WHAT YOU SHOULD DO
Once the line containing "A pic from outside/outdoor" is found in the entries below, restate it and each following line word for word, stopping after the line containing "Пышный букет бело-голубых".

DATA FOR REVIEW
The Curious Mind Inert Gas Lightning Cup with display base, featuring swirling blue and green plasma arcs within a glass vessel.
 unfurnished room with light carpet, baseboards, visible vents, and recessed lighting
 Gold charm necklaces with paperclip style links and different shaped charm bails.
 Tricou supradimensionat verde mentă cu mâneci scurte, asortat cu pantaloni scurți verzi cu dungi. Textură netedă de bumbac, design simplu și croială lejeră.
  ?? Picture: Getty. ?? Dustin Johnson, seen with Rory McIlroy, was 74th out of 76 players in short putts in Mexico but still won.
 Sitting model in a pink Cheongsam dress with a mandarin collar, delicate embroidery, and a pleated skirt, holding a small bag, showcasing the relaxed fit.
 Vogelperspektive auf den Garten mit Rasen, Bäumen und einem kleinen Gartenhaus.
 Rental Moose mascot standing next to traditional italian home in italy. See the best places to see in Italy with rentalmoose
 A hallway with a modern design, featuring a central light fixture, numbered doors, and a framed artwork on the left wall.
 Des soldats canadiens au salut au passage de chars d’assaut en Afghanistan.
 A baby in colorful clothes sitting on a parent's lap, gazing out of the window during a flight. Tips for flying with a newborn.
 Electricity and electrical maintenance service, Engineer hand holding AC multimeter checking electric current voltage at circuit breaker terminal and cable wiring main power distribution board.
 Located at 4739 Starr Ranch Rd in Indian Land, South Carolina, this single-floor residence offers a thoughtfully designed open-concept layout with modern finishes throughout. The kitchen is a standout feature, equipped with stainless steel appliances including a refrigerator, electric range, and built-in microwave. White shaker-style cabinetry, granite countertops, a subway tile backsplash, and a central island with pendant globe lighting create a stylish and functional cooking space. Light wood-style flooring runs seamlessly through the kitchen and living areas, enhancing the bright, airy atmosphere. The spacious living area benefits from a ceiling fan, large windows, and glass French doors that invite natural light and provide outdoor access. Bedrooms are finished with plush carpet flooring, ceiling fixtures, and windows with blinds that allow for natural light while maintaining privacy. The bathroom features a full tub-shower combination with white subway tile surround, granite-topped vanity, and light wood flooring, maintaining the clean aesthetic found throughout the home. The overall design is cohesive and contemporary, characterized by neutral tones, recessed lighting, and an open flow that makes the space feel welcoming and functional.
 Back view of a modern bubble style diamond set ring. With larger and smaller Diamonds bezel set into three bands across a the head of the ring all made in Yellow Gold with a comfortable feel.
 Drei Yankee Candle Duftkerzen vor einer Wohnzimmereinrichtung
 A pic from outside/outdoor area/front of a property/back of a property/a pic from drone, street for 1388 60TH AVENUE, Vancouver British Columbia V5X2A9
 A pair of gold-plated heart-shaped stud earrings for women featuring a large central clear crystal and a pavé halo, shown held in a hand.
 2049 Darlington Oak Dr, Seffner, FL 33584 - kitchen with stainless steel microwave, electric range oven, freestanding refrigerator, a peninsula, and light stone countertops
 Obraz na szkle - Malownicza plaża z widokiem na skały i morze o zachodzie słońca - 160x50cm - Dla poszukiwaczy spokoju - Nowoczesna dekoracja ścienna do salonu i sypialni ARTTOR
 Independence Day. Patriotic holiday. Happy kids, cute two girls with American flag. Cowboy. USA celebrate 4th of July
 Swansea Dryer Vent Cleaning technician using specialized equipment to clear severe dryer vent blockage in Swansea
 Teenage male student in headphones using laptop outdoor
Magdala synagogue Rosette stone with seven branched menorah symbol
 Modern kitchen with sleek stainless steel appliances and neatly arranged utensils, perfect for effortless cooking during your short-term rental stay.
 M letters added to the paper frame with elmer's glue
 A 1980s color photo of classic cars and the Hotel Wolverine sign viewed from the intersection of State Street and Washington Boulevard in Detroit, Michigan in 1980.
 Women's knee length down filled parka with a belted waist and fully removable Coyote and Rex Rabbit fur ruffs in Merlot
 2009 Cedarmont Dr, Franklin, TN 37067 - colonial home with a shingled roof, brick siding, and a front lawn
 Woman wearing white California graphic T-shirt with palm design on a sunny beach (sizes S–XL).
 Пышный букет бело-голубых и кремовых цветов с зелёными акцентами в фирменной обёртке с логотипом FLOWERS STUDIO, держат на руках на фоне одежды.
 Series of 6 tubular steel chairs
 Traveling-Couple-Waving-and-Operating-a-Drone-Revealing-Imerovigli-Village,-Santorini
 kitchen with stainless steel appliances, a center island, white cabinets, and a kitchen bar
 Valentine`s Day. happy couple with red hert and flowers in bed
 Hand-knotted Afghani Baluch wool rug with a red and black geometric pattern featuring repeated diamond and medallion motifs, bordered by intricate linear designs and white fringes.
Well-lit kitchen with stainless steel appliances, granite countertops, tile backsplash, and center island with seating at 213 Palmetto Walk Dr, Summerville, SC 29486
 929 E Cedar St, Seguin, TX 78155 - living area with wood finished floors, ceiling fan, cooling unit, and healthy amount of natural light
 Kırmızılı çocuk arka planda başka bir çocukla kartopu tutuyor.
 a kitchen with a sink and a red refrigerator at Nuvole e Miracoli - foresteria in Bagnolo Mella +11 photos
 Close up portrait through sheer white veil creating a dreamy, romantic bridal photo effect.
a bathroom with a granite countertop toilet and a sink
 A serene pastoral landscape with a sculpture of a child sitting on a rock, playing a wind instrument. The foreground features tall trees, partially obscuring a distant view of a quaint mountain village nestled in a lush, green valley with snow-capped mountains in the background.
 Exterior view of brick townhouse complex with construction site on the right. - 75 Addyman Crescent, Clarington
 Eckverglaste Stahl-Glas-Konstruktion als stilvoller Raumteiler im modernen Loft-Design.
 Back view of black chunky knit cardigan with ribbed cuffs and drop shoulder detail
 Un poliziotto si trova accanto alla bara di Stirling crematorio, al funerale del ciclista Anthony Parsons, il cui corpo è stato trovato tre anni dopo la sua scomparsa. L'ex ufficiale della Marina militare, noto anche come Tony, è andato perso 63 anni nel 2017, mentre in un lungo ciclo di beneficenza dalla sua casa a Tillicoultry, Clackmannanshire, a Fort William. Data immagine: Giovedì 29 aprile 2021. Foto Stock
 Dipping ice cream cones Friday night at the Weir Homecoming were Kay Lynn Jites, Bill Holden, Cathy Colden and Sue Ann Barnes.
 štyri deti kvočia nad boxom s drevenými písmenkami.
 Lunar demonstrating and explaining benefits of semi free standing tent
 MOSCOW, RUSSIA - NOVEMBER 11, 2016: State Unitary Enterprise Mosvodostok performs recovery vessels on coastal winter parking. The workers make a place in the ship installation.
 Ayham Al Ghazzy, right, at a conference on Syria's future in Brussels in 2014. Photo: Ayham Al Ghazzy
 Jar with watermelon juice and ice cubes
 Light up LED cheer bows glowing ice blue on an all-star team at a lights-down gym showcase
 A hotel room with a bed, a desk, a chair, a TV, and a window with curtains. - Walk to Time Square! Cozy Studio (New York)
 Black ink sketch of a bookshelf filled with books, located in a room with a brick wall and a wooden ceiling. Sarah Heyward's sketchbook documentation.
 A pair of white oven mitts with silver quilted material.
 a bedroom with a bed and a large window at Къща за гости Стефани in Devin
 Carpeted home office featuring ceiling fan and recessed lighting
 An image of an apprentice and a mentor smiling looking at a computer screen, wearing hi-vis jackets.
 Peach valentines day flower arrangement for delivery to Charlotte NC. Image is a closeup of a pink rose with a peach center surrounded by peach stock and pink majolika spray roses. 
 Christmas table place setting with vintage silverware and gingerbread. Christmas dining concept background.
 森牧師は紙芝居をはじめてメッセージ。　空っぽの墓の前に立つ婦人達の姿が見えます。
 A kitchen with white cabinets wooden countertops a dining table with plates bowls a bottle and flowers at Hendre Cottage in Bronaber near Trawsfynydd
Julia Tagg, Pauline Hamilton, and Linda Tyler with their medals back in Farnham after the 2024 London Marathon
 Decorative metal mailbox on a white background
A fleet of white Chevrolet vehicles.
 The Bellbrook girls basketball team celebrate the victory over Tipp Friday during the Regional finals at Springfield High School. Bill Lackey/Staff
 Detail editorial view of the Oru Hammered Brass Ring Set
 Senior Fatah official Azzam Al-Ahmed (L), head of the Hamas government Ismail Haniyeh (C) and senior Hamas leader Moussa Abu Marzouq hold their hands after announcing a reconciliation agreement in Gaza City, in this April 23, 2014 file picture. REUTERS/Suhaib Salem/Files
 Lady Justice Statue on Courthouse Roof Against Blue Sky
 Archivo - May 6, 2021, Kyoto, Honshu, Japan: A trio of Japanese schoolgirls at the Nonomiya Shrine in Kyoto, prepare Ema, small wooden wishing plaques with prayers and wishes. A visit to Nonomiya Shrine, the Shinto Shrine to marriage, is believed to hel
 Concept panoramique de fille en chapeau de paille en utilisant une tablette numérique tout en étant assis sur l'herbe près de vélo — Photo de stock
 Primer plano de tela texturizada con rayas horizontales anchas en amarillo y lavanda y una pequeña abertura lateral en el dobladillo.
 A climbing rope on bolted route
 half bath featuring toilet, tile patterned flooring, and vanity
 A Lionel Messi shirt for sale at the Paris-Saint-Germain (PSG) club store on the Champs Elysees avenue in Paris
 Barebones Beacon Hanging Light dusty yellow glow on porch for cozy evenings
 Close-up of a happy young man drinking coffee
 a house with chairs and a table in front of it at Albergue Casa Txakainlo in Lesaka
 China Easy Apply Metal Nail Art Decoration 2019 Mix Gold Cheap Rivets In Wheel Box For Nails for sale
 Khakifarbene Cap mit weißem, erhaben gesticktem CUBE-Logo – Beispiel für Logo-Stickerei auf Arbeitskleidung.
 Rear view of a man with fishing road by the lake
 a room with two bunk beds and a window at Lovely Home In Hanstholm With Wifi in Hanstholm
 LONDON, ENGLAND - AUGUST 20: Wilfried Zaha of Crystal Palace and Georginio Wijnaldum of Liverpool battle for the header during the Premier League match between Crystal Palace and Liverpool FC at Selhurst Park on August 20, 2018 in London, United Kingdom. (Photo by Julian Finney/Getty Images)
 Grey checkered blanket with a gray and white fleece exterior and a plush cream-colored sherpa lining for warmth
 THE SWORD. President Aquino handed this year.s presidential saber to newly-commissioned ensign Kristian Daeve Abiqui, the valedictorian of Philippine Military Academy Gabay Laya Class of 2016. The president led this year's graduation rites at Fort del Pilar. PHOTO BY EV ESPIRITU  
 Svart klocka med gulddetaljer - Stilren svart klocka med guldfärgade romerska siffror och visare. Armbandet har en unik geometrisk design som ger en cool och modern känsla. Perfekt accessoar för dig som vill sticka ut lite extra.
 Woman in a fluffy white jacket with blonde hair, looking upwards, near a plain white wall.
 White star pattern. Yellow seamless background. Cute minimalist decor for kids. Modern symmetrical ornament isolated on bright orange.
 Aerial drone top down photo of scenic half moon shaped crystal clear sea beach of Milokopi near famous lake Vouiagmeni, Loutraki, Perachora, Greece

ANSWER SPACE
 A pic from outside/outdoor area/front of a property/back of a property/a pic from drone, street for 1388 60TH AVENUE, Vancouver British Columbia V5X2A9
 A pair of gold-plated heart-shaped stud earrings for women featuring a large central clear crystal and a pavé halo, shown held in a hand.
 2049 Darlington Oak Dr, Seffner, FL 33584 - kitchen with stainless steel microwave, electric range oven, freestanding refrigerator, a peninsula, and light stone countertops
 Obraz na szkle - Malownicza plaża z widokiem na skały i morze o zachodzie słońca - 160x50cm - Dla poszukiwaczy spokoju - Nowoczesna dekoracja ścienna do salonu i sypialni ARTTOR
 Independence Day. Patriotic holiday. Happy kids, cute two girls with American flag. Cowboy. USA celebrate 4th of July
 Swansea Dryer Vent Cleaning technician using specialized equipment to clear severe dryer vent blockage in Swansea
 Teenage male student in headphones using laptop outdoor
Magdala synagogue Rosette stone with seven branched menorah symbol
 Modern kitchen with sleek stainless steel appliances and neatly arranged utensils, perfect for effortless cooking during your short-term rental stay.
 M letters added to the paper frame with elmer's glue
 A 1980s color photo of classic cars and the Hotel Wolverine sign viewed from the intersection of State Street and Washington Boulevard in Detroit, Michigan in 1980.
 Women's knee length down filled parka with a belted waist and fully removable Coyote and Rex Rabbit fur ruffs in Merlot
 2009 Cedarmont Dr, Franklin, TN 37067 - colonial home with a shingled roof, brick siding, and a front lawn
 Woman wearing white California graphic T-shirt with palm design on a sunny beach (sizes S–XL).
 Пышный букет бело-голубых и кремовых цветов с зелёными акцентами в фирменной обёртке с логотипом FLOWERS STUDIO, держат на руках на фоне одежды.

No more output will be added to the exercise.